Estratégias com Opções II – Venda Coberta

• Lançamento Coberto de Opções de Compra: A venda coberta de CALLs é uma estratégia que busca remunerar uma carteira de ações no longo prazo. O objetivo básico do lançamento coberto é obter um retorno maior sobre a performance de uma ação. Diz-se que uma CALL está coberta quando o lançador deposita em garantia a totalidade das ações-objeto a que se referem as opções vendidas. Esses papéis ficarão bloqueados para qualquer tipo de operação enquanto a posição vendida em opções estiver aberta.

A venda coberta não pode ser realizada sobre ações que estejam alugadas. E da mesma forma, ao utilizar ações como cobertura para um lançamento de opções o investidor não poderá utilizá-las como margem de garantia para outras operações, tais como no mercado a termo ou em mini índice, ficando os papéis bloqueados.

O lançamento de uma opção de compra sujeita o investidor, durante o período da validade da opção, à possibilidade de ser exercido a qualquer momento. Situação em que será obrigado a vender as ações-objeto, recebendo como pagamento o valor de exercício das CALLs vendidas. Assim, o investidor estará limitando o seu lucro máximo na ação, o qual será a soma do valor recebido pela venda da CALL e do preço de exercício da mesma.

As obrigações assumidas pelo lançamento de opções somente se extinguem pelo seu exercício, pelo seu vencimento caso não sejam exercidas (expirarem), ou ainda, pelo fechamento da posição lançadora (re-compra das opções), quando então suas ações serão desbloqueadas para negociação. Após ser designado para o exercício o lançador não pode mais fechar sua posição.

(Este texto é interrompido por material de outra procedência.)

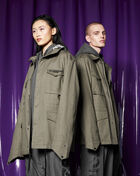 SNIPES 032c WORKSHOP x SNIPES Field Jacket SFM213-001-1 Grey 1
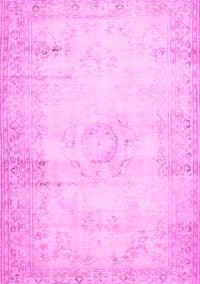 Persian Pink Traditional Rug, tr478pnk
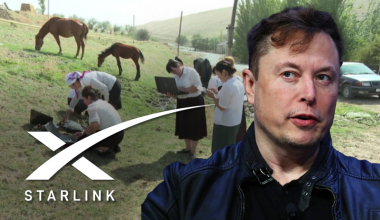 Интернет от Илона Маска: в Казахстан прибыла первая партия оборудований Starlink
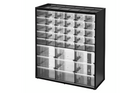 Organizzatore per officina con 39 cassetti, mobiletto STANLEY in OPP, 367x435 mm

A vantagem oferecida por esta estratégia é que o valor recebido pela venda da opção amortecerá, até certo ponto, o prejuízo sofrido em razão de uma desvalorização na cotação da ação. Porém, ao custo da perda do valor que exceder o preço de exercício da opção, caso haja uma expressiva valorização na cotação da ação. E caso haja pouca ou nenhuma valorização do preço da ação o prêmio recebido aumentará o retorno do investidor, pois a opção vendida irá expirar e o valor recebido através do seu prêmio será totalmente embolsado pelo lançador.

“Não foram os mineiros que ganharam dinheiro na corrida do ouro, mas aqueles que vendiam as pás e picaretas.”

Teoricamente, ao realizar um lançamento coberto de opções de compra o investidor diminui o seu nível de risco ao deslocar o seu ponto teórico de compra para um valor igual ao preço à vista da ação-objeto adicionado do valor recebido pela venda da CALL. Com o mercado em baixa, o lançador coberto se protege até o ponto em que o preço a vista do ativo objeto estiver igual ao seu preço no momento do lançamento da opção subtraído o valor do prêmio recebido. Somente a partir desse ponto é que o investidor incorrerá em prejuízo.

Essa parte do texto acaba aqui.